It's really a theme that's at the heart of trying to find ways of remedying and addressing the inequalities that are a part of our original sin.
"Fondly we do hope-- "fervently do we pray-- "that this mighty scourge of war may speedily pass away.
"Yet, if God wills that it continue until all the wealth "piled by the bondsman's 250 years of unrequited toil "shall be sunk and until every drop of blood drawn "with the lash shall be paid by another drawn by the sword "as was said 3,000 years ago, "so still it must be said, "'the judgment of the Lord are true and righteous altogether.'"
We deserve what we're getting.
So I always-- you know, I just find that, in some sense, the bringing together of every strand in American history, all the contradictions that we started our nation with-- a society supposedly dedicated to democracy, to life, liberty, and the pursuit of happiness-- that was since incorporated into its very constitution the inequalities.
There are certain conditions that are relegated to the poor.
Basically, some people are, in some sense, structurally chosen to bear the burdens of the world we create.
You know, you don't have to get rid of poverty in order to create the opportunity for health.
I wish we could, but people who are poor still can have the opportunity for health.
And we need to stop thinking about the idea that we can get in our enclaves if we're wealthy, and protect our health within those enclaves, and keep out the rest of the world.
I mean, if anything has shown us that we're all interconnected, it's a highly contagious virus.
When COVID happened, people said, oh, my God, a pandemic?
Like, we haven't had a pandemic since 1918.
Why did we say that?
The HIV pandemic is still going on.
The cholera pandemic is still going on.
All these diseases that we have forgotten about in the West, in the wealthy West, becomes ghettoized and something that only affects really poor people.
And you can go back to malaria.
We still have hundreds of thousands of people, of babies, who get sick and die of malaria every year.
Tuberculosis.
We know how to cure tuberculosis.
It's a huge problem in parts of the world.
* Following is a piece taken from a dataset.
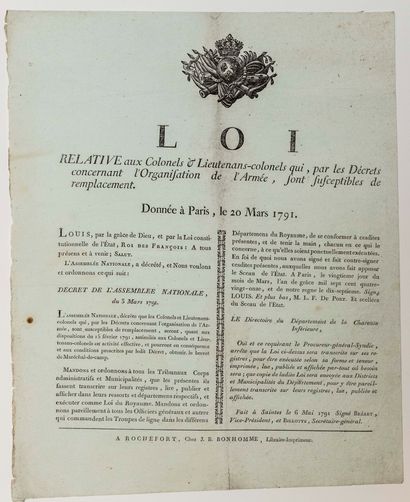 null RÉVOLUTION. 1791. RÉORGANISATION DE L'ARMÉE. CHARENTE-MARITIME. «Loi relative...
Is it even something we talk about?
COVID is overshadowing other services.
If you take TB with even more than a million deaths a year, we have more cases now because services have been disrupted.
HIV, the same.
Of course, since the pandemic started, we tried to keep a balance.
But it was very, very difficult because all eyes were on COVID.
The potential risk of viruses and how disruptive they can be is not theoretical anymore.
We've seen it.
It's realistic.
And we need to start preparing for future pandemics now or we risk a much worse future for us and our children.
When COVID happened, we thought of it as an invasion, that this is something that's coming from afar.
It's being thrust upon us, and we are just these passive victims.
Well, what do you do if you're a passive victim and you're being invaded?
Well, you have to strike back.
We didn't have vaccines and drugs at the beginning, but we said, close the borders.
Don't let the people from China in.
That'll protect us, right?
We have to, like, keep the invaders at bay.
But we were creating opportunities for animals with coronaviruses to move into humans, and then for humans to carry that around the planet, and then to rub shoulders with so many other people so that it spreads explosively.
It's a colonial conquest.
The fate of the planet has been profoundly influenced by our species.
Things like climate change, deforestation, and habitat loss crush the world's wildlife into an ever tighter fist, and viruses then come pouring out.
Our fate as humans is going to be deeply influenced by the rise and reemergence of viral diseases.
COVID was just part of that.
And it's not going to be the last such threat that we face.
We have this amnesia about this larger picture.
We imagine ourselves living in this sanitized place in which we are the dominant species that can control, you know, every aspect of it.
"We are not vulnerable to nature and other animals anymore."
That's the fantasy that we live in.
We can't think of our health as isolated from the rest of the planet.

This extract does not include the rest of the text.